YOUR ASSIGNMENT:
All records must be quoted exactly. Omit the pictures.

SUPPLIED MATERIAL:
□ □ □ □ □
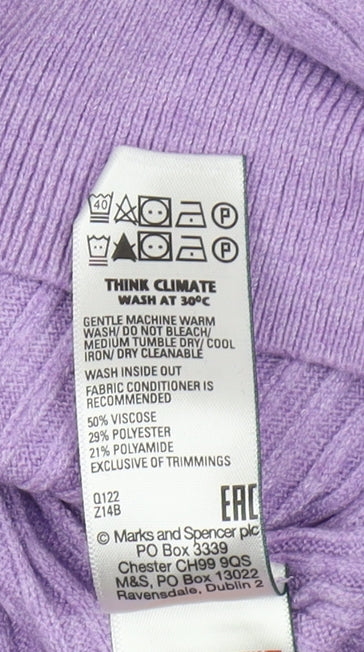 Marks and Spencer Women's Purple Full Zip Jumper M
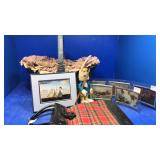 Blue basket with contents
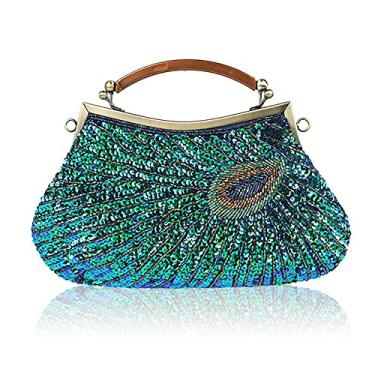 Imagem de KISSCHIC Bolsa clutch vintage com contas de lantejoulas pavão bolsa de noite (azul), Estilo 30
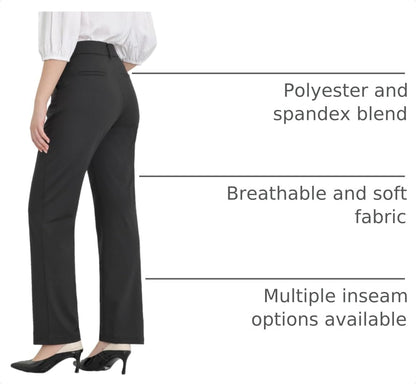 Bamans Dress Pants Women Work Business Office Straight Leg Slacks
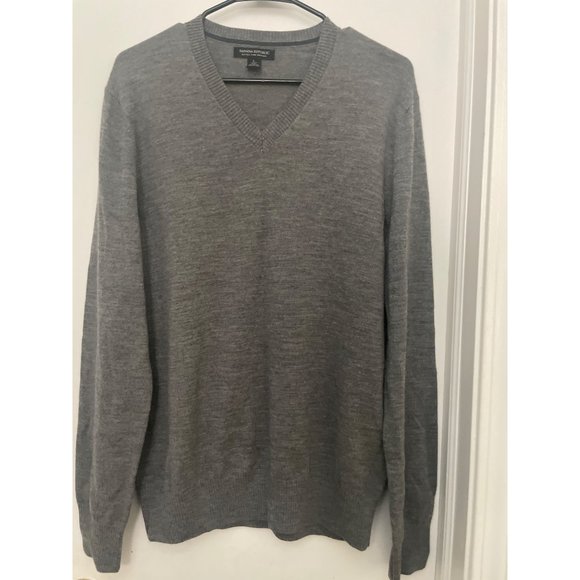 Banana republic extra fine  merino  large gray pullover sweater men - Picture 2 of 6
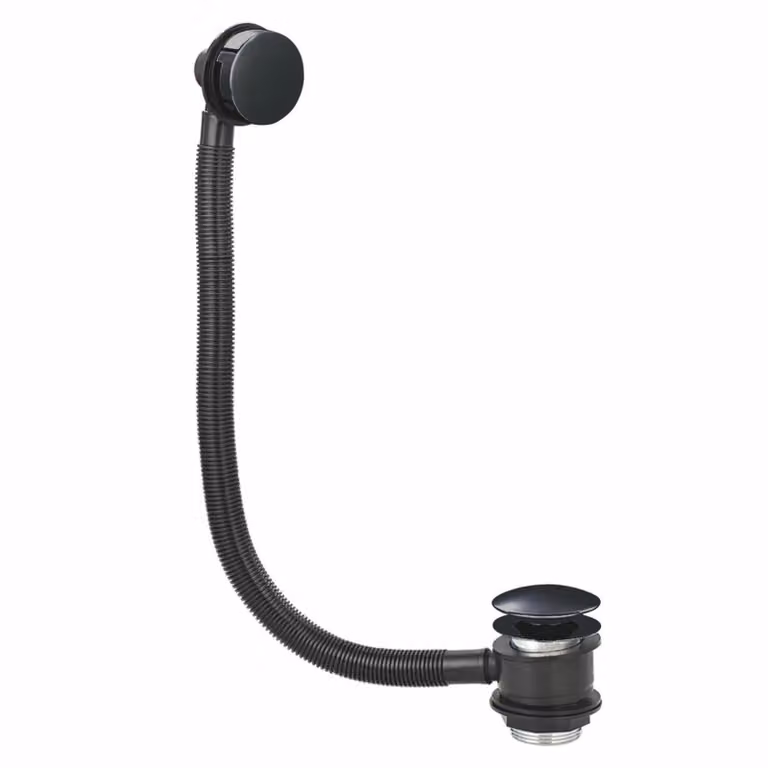 Royal Bathrooms Matt Black Pop-Up Bath Waste with Overflow in Brass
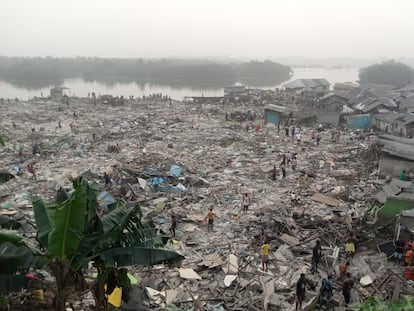 Estado de uno de los barrios demolidos en Port Harcourt, Nigeria, el 29 de enero de 2022.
□ □ □ □ □
WRITTEN RESPONSE:
 Marks and Spencer Women's Purple Full Zip Jumper M
 Blue basket with contents
 Imagem de KISSCHIC Bolsa clutch vintage com contas de lantejoulas pavão bolsa de noite (azul), Estilo 30
 Bamans Dress Pants Women Work Business Office Straight Leg Slacks
 Banana republic extra fine  merino  large gray pullover sweater men - Picture 2 of 6
 Royal Bathrooms Matt Black Pop-Up Bath Waste with Overflow in Brass
 Estado de uno de los barrios demolidos en Port Harcourt, Nigeria, el 29 de enero de 2022.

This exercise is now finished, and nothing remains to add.